> [WHAT IS REQUIRED]: In the listing below, find the line with "Химия, 10 класс" and the line with "동대문스웨디시 이스턴 코스 안내", then return them and every line between them exactly, minus the pictures.

> [RECORDS TO PROCESS]:
··········

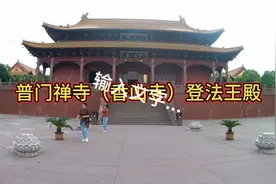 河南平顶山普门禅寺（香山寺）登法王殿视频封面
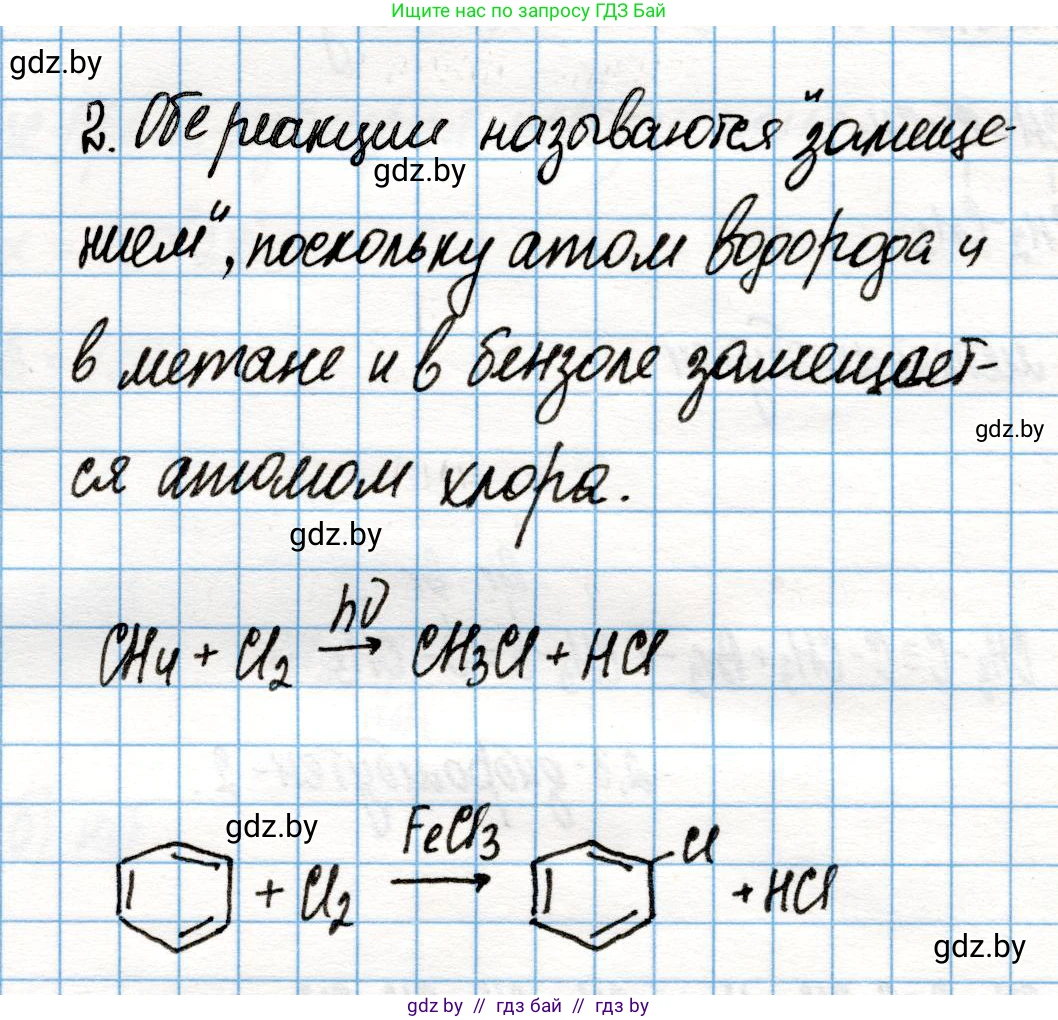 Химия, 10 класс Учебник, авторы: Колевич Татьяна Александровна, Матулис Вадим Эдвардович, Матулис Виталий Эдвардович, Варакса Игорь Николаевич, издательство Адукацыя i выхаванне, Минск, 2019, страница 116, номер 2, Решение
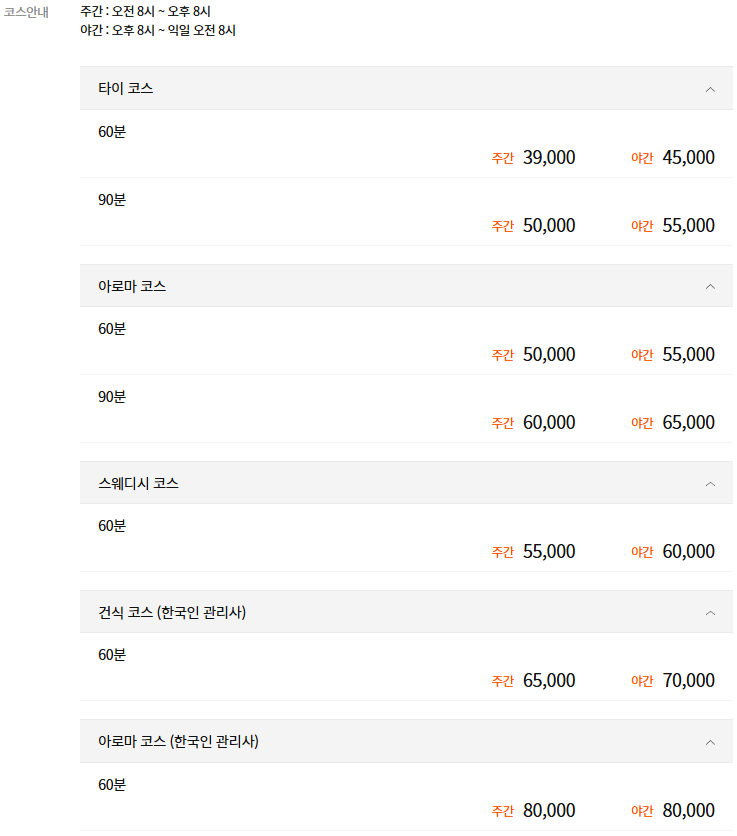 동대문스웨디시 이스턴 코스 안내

··········

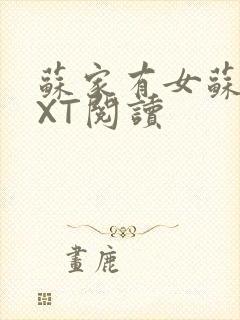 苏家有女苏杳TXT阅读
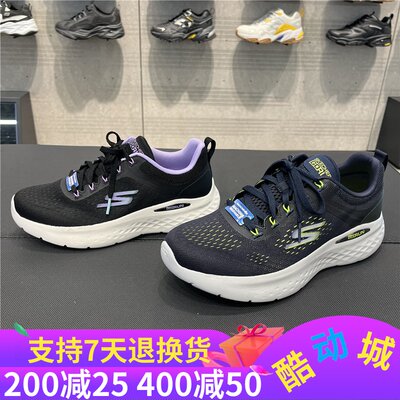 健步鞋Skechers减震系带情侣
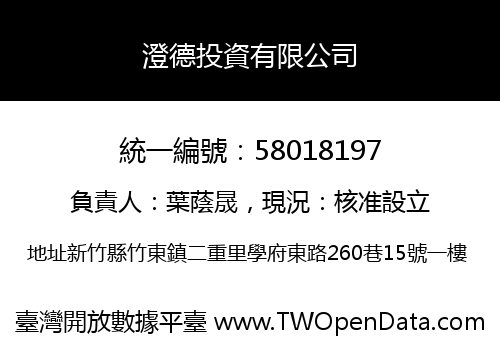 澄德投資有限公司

··········

> [SOLUTION]:
 Химия, 10 класс Учебник, авторы: Колевич Татьяна Александровна, Матулис Вадим Эдвардович, Матулис Виталий Эдвардович, Варакса Игорь Николаевич, издательство Адукацыя i выхаванне, Минск, 2019, страница 116, номер 2, Решение
 동대문스웨디시 이스턴 코스 안내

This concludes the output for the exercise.